On the heels of hard-won water rate and
sales tax increases to pay for $3 billion in sewer improvements, the
Atlanta Department of Watershed Management has decided to rein in its
debtors. On Thursday, two dozen workers began turning off the water of
customers who were more than 30 days delinquent, estimated to be about a
quarter of the city's 134,000 active accounts.
A spokeswoman for the department, Janet
Ward, said that the delinquency period was nothing new but that strict
enforcement was. Ms. Ward said that anyone who contested their bill
would probably be able to keep their water on until the dispute was
concluded. "We understand how important water is, and we will bend
over backwards to work with people who should not have their water cut
off," she said.
But she said the debt could not be
ignored. "We have passed these incredible rate increases that took
effect in January, and then the people voted overwhelmingly to pass a
municipal rate increase of a 1 percent sales tax," Ms. Ward said.
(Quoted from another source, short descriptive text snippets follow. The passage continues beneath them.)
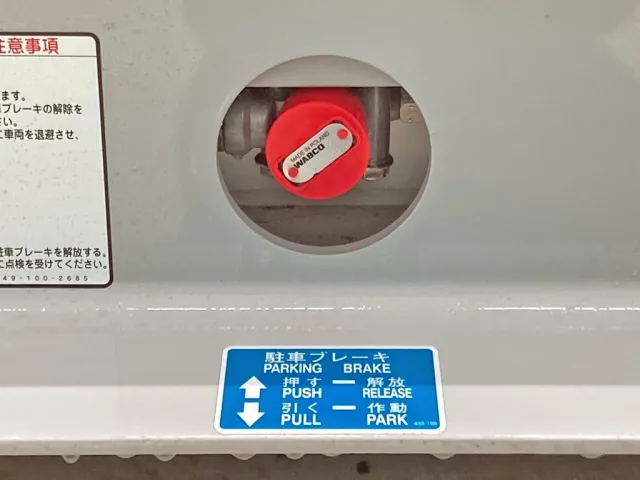 駐車ブレーキです。|トレクス  PLR439の写真20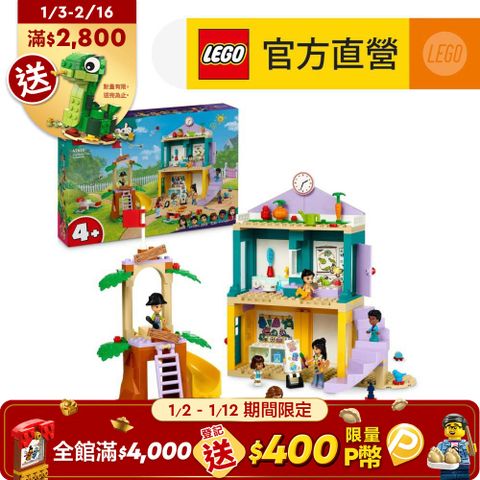 LEGO 樂高 Friends 42636 心湖城幼兒園(家家酒 想像力遊戲)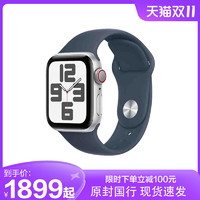 Apple 苹果 Watch Series SE 2023新款 智能手表 M/L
In January, the City Council approved yearly rate increases until 2008,
on a sliding scale that will eventually triple rates for the biggest
"We're asking the people to step up
to the plate, and they have done that,'' she said. "Now we need to
make sure and make them understand that we are doing everything we can
to keep their rates down and do the work that has to be done. Recovering
money that is by rights ours and that is out there is one of the best
ways to do that."
It is unclear how much of the $35 million
that those customers owe will be recovered, but at least it will stop
the bleeding, she said. The department will shut off about 400 to 500
delinquents a day until the backlog is eliminated.
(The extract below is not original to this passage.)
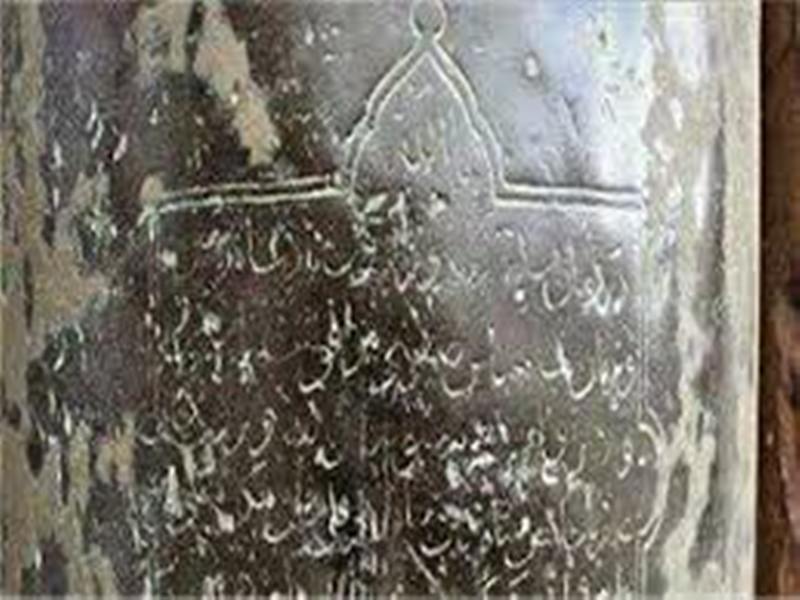 وجود سه توپ جنگي مربوط به جنگ تاريخي خليج فارس در زنگبار وجود سه توپ جنگي مربوط به جنگ تاريخي خليج فارس در زنگبار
The logic is little comfort to those who
fear they will be cut off. Elaine Isles, 44, is an unemployed security
guard who lives with her husband, Glenn, and their three sons, ages 17,
10 and 7, and their water bill is past due. Ms. Isles received
assistance for last month, but carried a balance forward and now has the
next month's bill as well. "Now I owe $238.34," Ms. Isles
said. "I don't have a way to give them $238.34. I don't have any
way to give them one dollar." The family has been trying to cut
down, flushing the toilet less.
"They already knew people weren't
going to be able to pay their water bill when they increased it,'' she
said. "Then they threaten the people of Atlanta and say if you're
30 days past due we're going to cut your water off. I think it's
Reflecting an irony of the city's water
politics, Ms. Isles and her family are the very people the increase was
designed to help. The sewer system is notoriously broken in places, in
heavy rains dumping sewage into the Chattahoochee River and backing up
plumbing in neighborhoods like the Isleses'. A federal judge had
threatened a moratorium on new sewer hookups if it was not fixed.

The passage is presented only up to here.